JATENG MEMANGGIL – Meningkatnya peredaran berita hoaks di tengah masyarakat menjelang Pemilu 2024, perlu dimbangi dengan penambahan literasi digital untuk merespons banyaknya informasi di media sosial. Karena itu jika menjumpai berita atau pesan hoaks, disarankan untuk tidak diteruskan.
Pesan penting tersebut dikatakan Ketua Persatuan Wartawan Indonesia (PWI) Kabupaten Jepara Budi Santoso, pada pertemuan penggiat media sosial, di salah satu kafe di Desa Ngabul, Kecamatan Tahunan, Minggu (7/5/2023).
“Selalu berpikir kritis, mengecek kebenaran lewat portal layanan konfirmasi, atau bisa menyandingkan dengan produk dari media-media mainstream,” ujarnya dihadapan para wartawan.
Budi mengakui, mudahnya seorang menjadi pengabar informasi jika tak diimbangi kemampuan yang mumpuni, tentu menjadi salah satu faktor tumbuh suburnya hoaks.
Hal senada dikatakan Komisioner KPU Kabupaten Jepara, Ris Andy Kusuma. Ia pun mendorong peningkatan literasi bagi masyarakat di era digital saat ini.
Menurut Ris Andy, sudah banyak terjadi disrupsi informasi dan kabar hoaks yang menyebabkan kesalahpahaman. Bahkan, tak sekadar menyerang kontestan, lembaga penyelenggara pun tak luput dari terpaan isu menyesatkan.
“Di Pemilu 2019 lalu, mulai Agustus sampai Desember ada 62 konten hoaks,” kata dia.

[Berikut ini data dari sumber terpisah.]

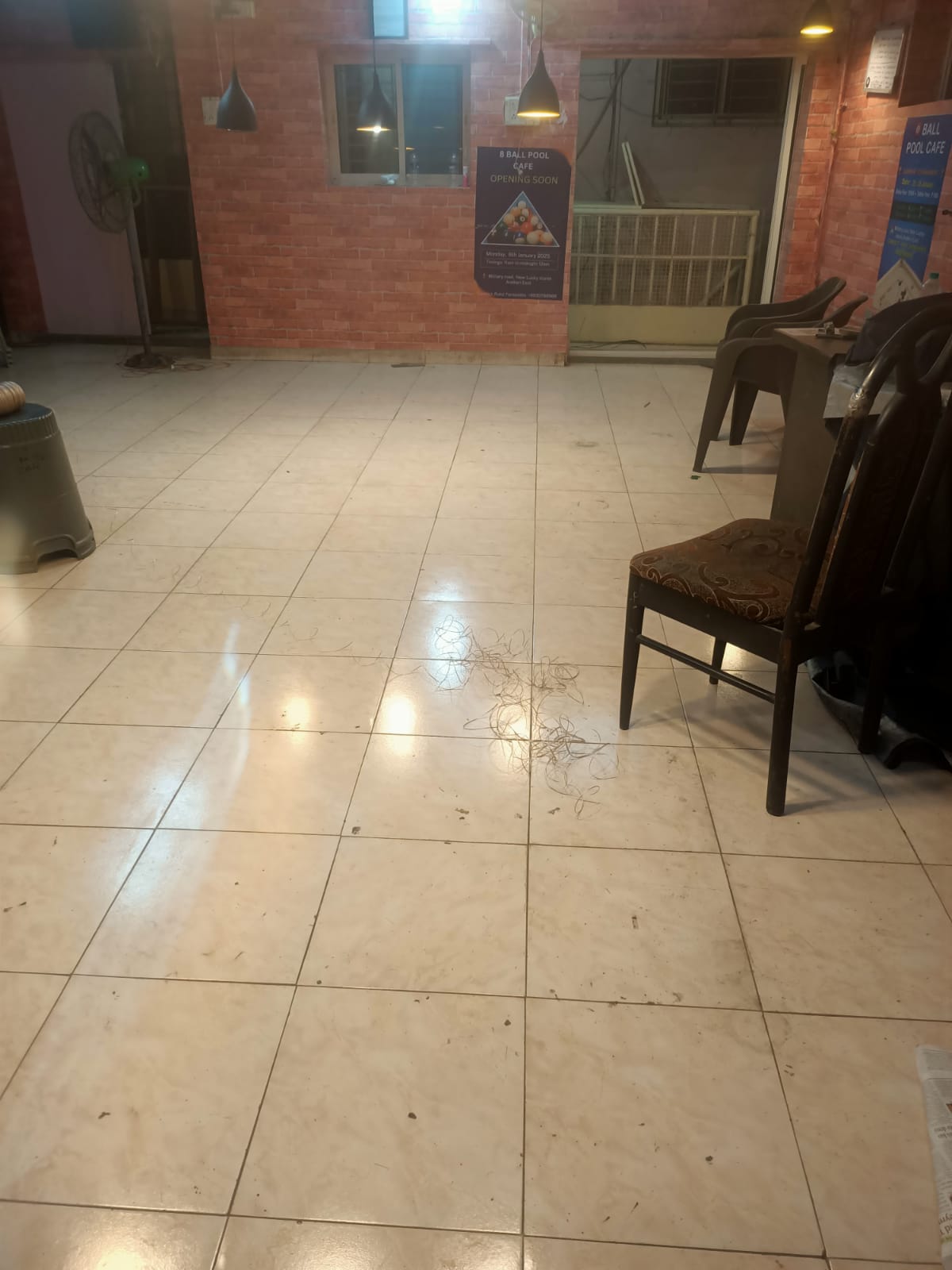 IMG-20260205-WA0054(1)[2]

Suatu kabar bohong, lanjutnya, jika diinformasikan berulang-ulang bisa jadi dianggap oleh publik menjadi suatu kebenaran. Karenanya, logika dan rasa perlu dipakai, agar tak terbawa perasaan oleh setiap kabar yang belum jelas. Terpenting pula, tidak larut ikut menyebarkan.
Sementara, dalam pertemuan penggiat media sosial yang diselenggarakan di Caffe Grenjengen, Desa Jlegong Kecamatan Keling, Sabtu (6/5/2023), Kepala Dinas Kominfo Kabupaten Jepara menyampaikan, intensitas kehadiran berita bohong semakin tinggi menjelang pemilihan umum. Karenanya, imunitas atau daya tahan masyarakat terhadap hoaks itu sendiri, mau tidak mau harus ditingkatkan.
“Usaha untuk mengatasi persoalan ini dikembalikan kepada masing-masing individu. Artinya, harus ada usaha mencerdaskan diri sendiri,” ungkap Arif.
Dikatakan, ancaman pesta demokrasi salah satunya adalah ancaman hoaks. Yang sering diterima menjelang Pemilu, paling banyak mengarah pada kegiatan sosial politik Pilkada sebesar 91,8 persen. Kemudian SARA 87,6 persen, kesehatan 41,2 persen.
Penyebaran hoaks paling banyak melalui media sosial. Untuk itu, sebagai pengguna medsos harus lebih bijak menyikapinya.